### PROMPT:
Please repeat the records word for word and skip the pictures.

** Opening DATA FOR THIS EXERCISE block **

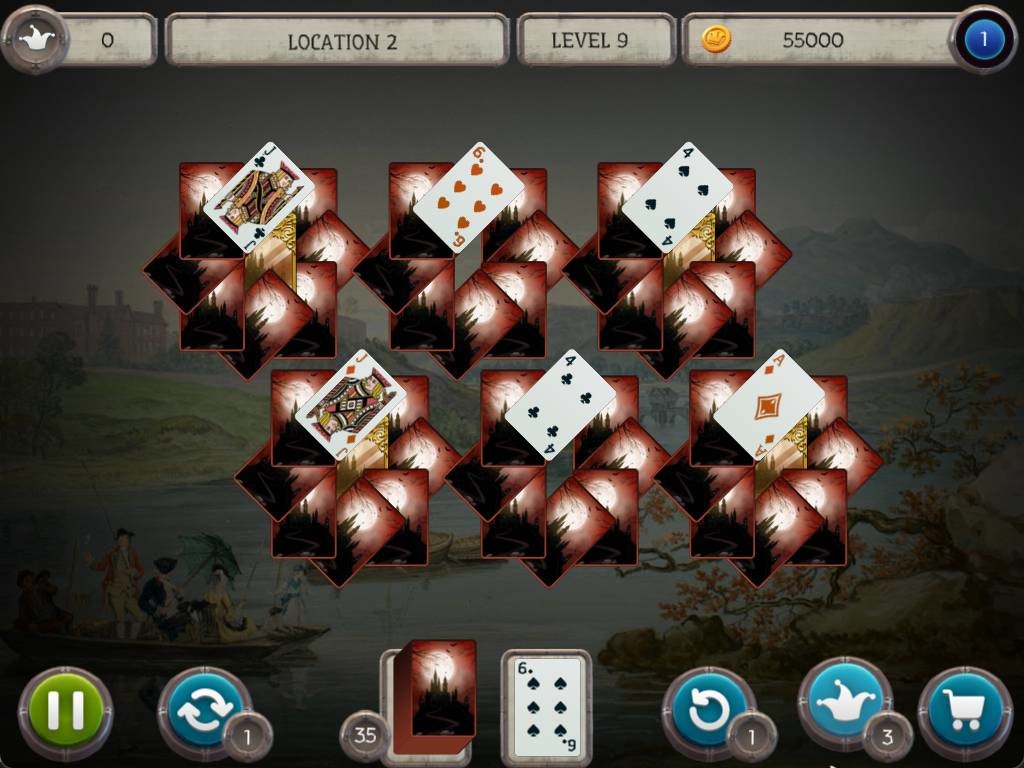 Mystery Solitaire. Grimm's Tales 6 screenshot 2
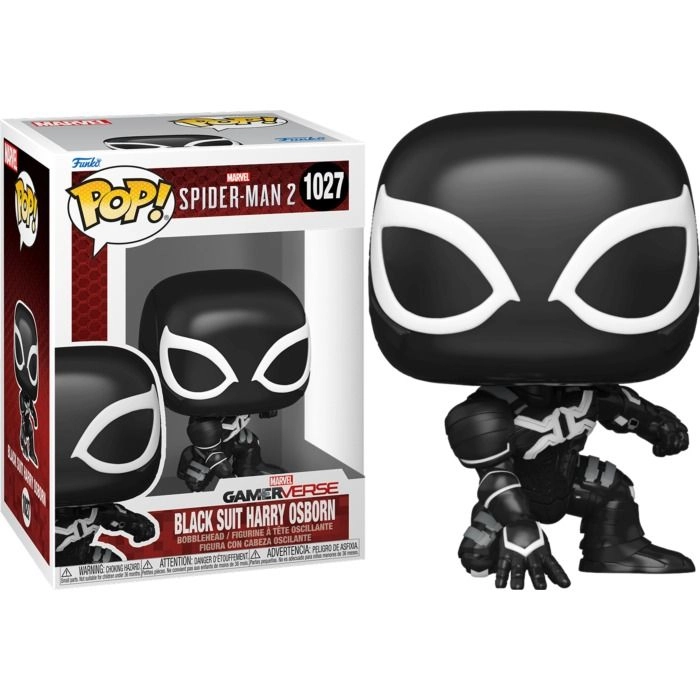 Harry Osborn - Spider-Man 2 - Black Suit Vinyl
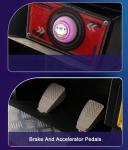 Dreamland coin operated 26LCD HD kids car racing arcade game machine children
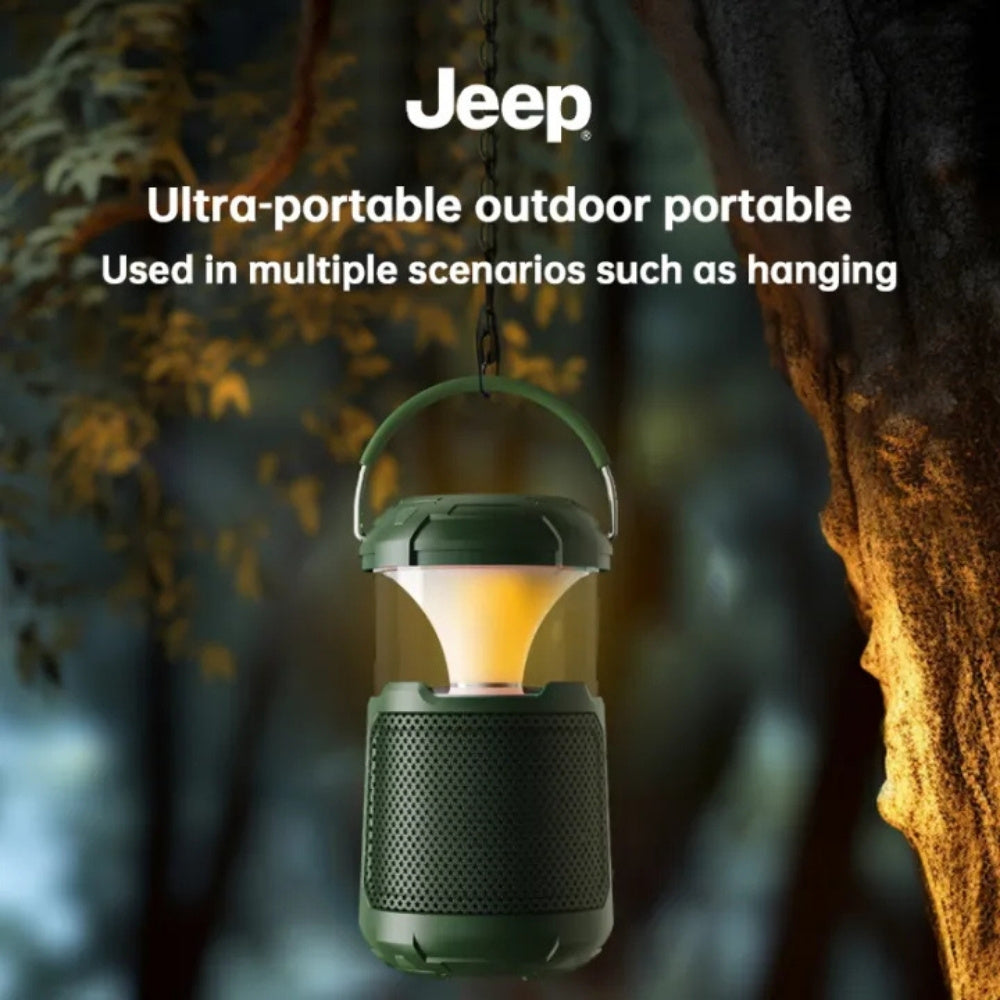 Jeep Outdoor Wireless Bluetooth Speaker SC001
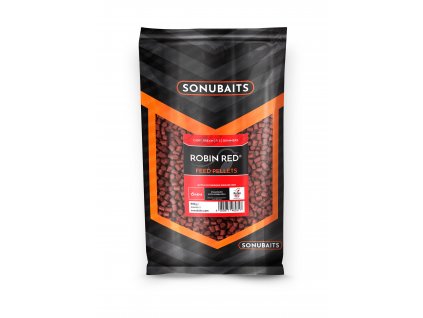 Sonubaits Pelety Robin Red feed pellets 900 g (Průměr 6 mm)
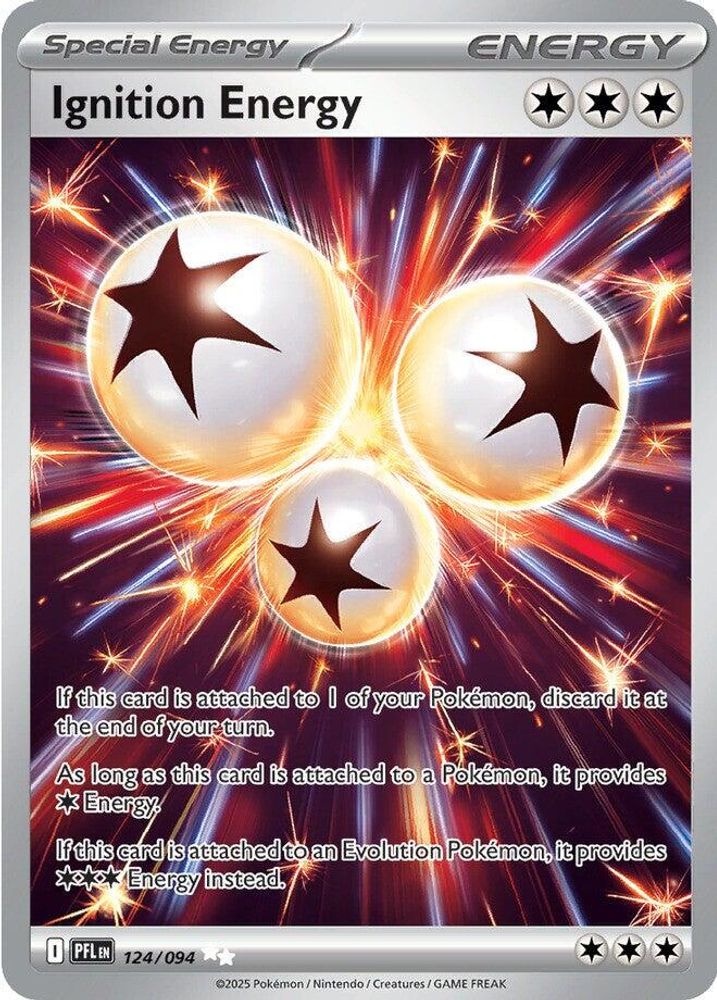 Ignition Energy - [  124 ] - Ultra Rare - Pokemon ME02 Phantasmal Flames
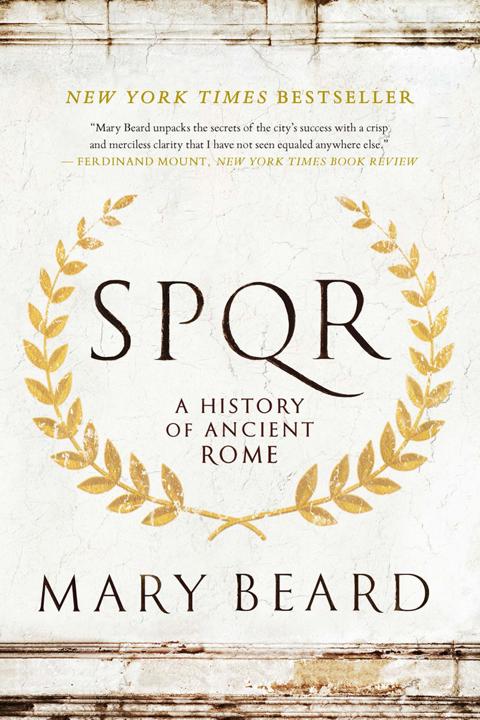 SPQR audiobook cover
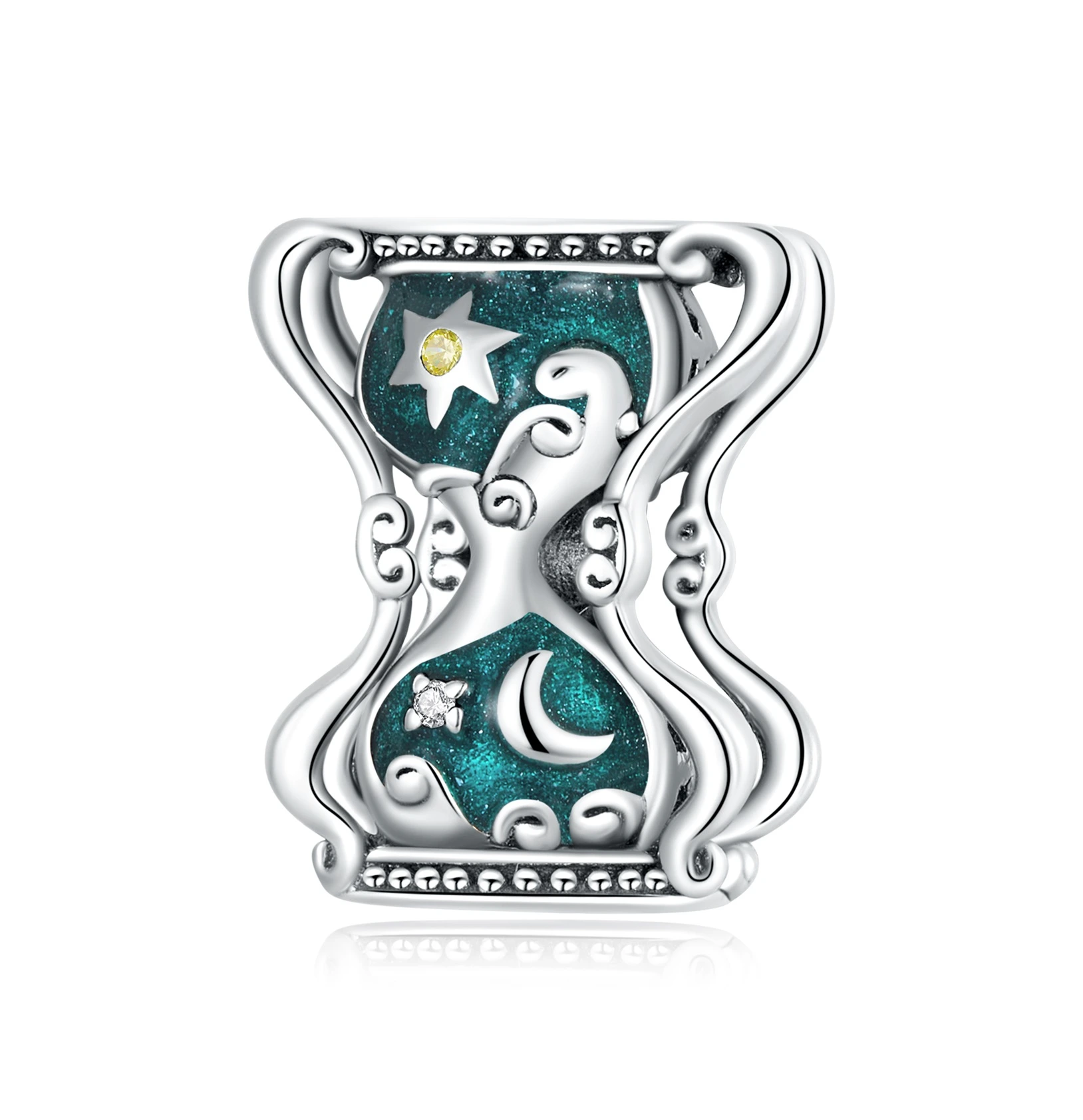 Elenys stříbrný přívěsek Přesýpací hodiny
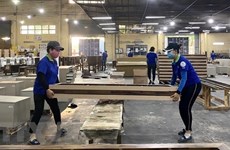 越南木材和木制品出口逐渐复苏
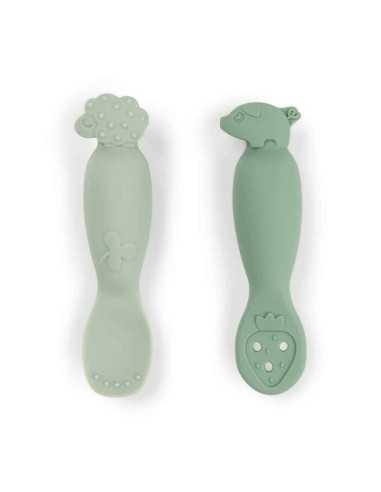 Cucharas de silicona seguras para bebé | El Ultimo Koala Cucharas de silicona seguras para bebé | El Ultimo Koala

** Closing DATA FOR THIS EXERCISE block **

### TASK RESPONSE:
 Mystery Solitaire. Grimm's Tales 6 screenshot 2
 Harry Osborn - Spider-Man 2 - Black Suit Vinyl
 Dreamland coin operated 26LCD HD kids car racing arcade game machine children
 Jeep Outdoor Wireless Bluetooth Speaker SC001
 Sonubaits Pelety Robin Red feed pellets 900 g (Průměr 6 mm)
 Ignition Energy - [  124 ] - Ultra Rare - Pokemon ME02 Phantasmal Flames
 SPQR audiobook cover
 Elenys stříbrný přívěsek Přesýpací hodiny
 越南木材和木制品出口逐渐复苏
 Cucharas de silicona seguras para bebé | El Ultimo Koala Cucharas de silicona seguras para bebé | El Ultimo Koala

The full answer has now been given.